Principles and Popularity

Last night I had a great conversation with perhaps my favorite sheeb in the world about how religions operate, in a business sense.

Evidently the Pope recently announced that the Catholic church would no longer recognize female bishops, and that they are re-enforcing their boundaries to more specifically and emphatically exclude gay folks. My friend was incredulous that the church would alienate “the modern world” by looking so staunchly backwards, driving hordes of moderate papists to hypocrisy.  No one actually accepts such extreme measures, she reasoned. Right?!

I haven’t read the article she read, so I’ve not checked precisely *how* the Pope intends to “exclude” gays, but the mechanics really aren’t the point. The point is that a huge part of religion is in reinforcing tradition and pushing disciples to decide what’s important.

What made the conversation interesting was that, as a Jew, she was aghast that the church would take action that might alienate followers. “They’re bleeding adherents already!” she reminded me — “aren’t they concerned about numbers?!”

Are Catholics concerned about numbers? Or are they concerned with principle? Catholics have been on the prosperous end of the PR train for awhile now, having converted-or-slain en masse often enough in history that now cementing those last few heathens in Africa represents a mere feather in that tall papal cap.

Indeed, Jews self-classify as “orthodox” or “reform” according to how seriously they take that gospel, and whether it comes from Maimonides or Woody Allen. Catholicism represents the “orthodox” end of that stick, leaving dissenters to choose whichever appropriate reformed sect resonates for them.

In fact, now is the time for religions to regroup and re-establish their boundaries. Is it better to be popular, or to be right? For better or for worse, the Catholic church seems determined to eschew popularity for what it deems right.

And, frankly, I’m into that. Regardless of how similar my feelings are to that particular party line, I appreciate the church’s taking responsibility for providing moral guidance at their own expense.  And now, at the precipice of the paradigm shift to come, isn’t this as good a time as any to regroup and reassess?  To draw a line in the sand and encourage idle disciples to choose a side?

What distinguishes religion from politics, or philosophy, or idle musing is that a religion does not operate like a buffet.

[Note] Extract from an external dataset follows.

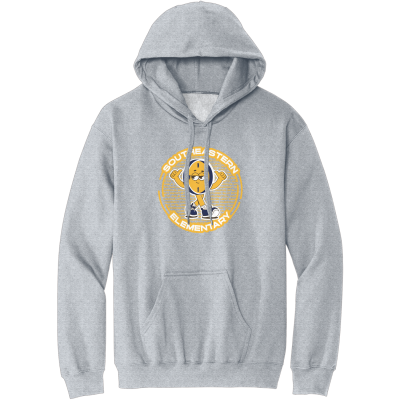 Adult Midweight Pullover Hooded Sweatshirt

While it’s tempting to accept some tenets and reject others, that disregards the point of choosing this (to continue this bad analogy) prix fixe core-belief-plus-necessarily-affiliated-conclusions plate in the first place.

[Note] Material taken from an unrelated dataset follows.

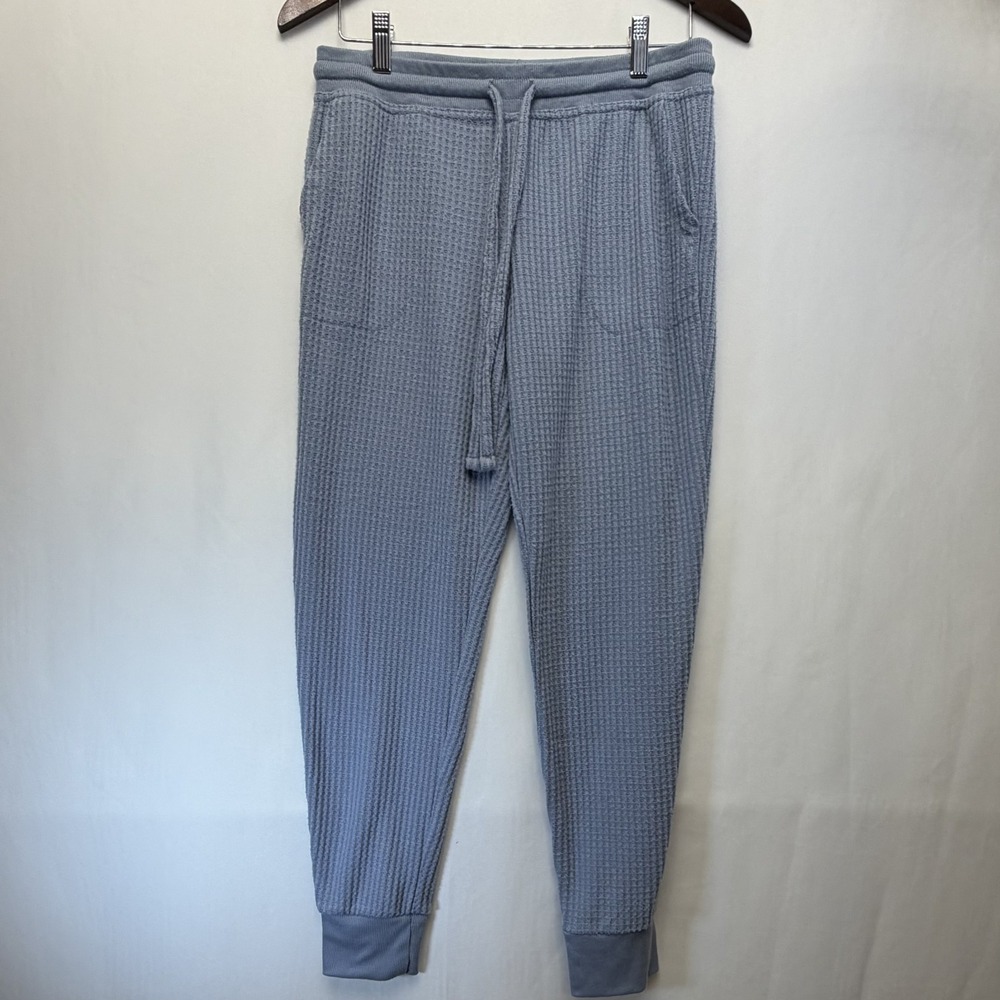 Alfani Intimates‎ Blue Waffle Knit Jogger Loungewear Pants Size M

The point is to decide what’s important and then conform, to let your belief in X or Y lead you to the proper conclusions and appropriate behavior. Cherry-picking permits a sort of moral relativism that undermines all meaning in life. How can we know what’s real if we don’t acknowledge any boundaries or rules?

Perhaps this absolutist standpoint reveals why, at 26, I’m still struggling with what I believe. I’m still looking for something that speaks directly enough to my core that I’m willing to sublimate the rest of my premises and hand my rational, conclusion-drawing mind over to _that_.

I appreciate that the church has taken this opportunity to formally reject the incentive to blur lines; to inject relativity into what should follow a sort of moral imperative. Whatever Christianity is or is not, it’s critical to any moral — rather than business, or mere philosophy — making authority to police a baseline. “Feel free to reform,” the church is saying, “but fyi here’s what’s important to us.”

It’s refreshing, frankly, to hear the Pope lay it out like that, frank and straight-forward-like, so we can digest church tenets in a sophisticated way, and then freely accept or reject.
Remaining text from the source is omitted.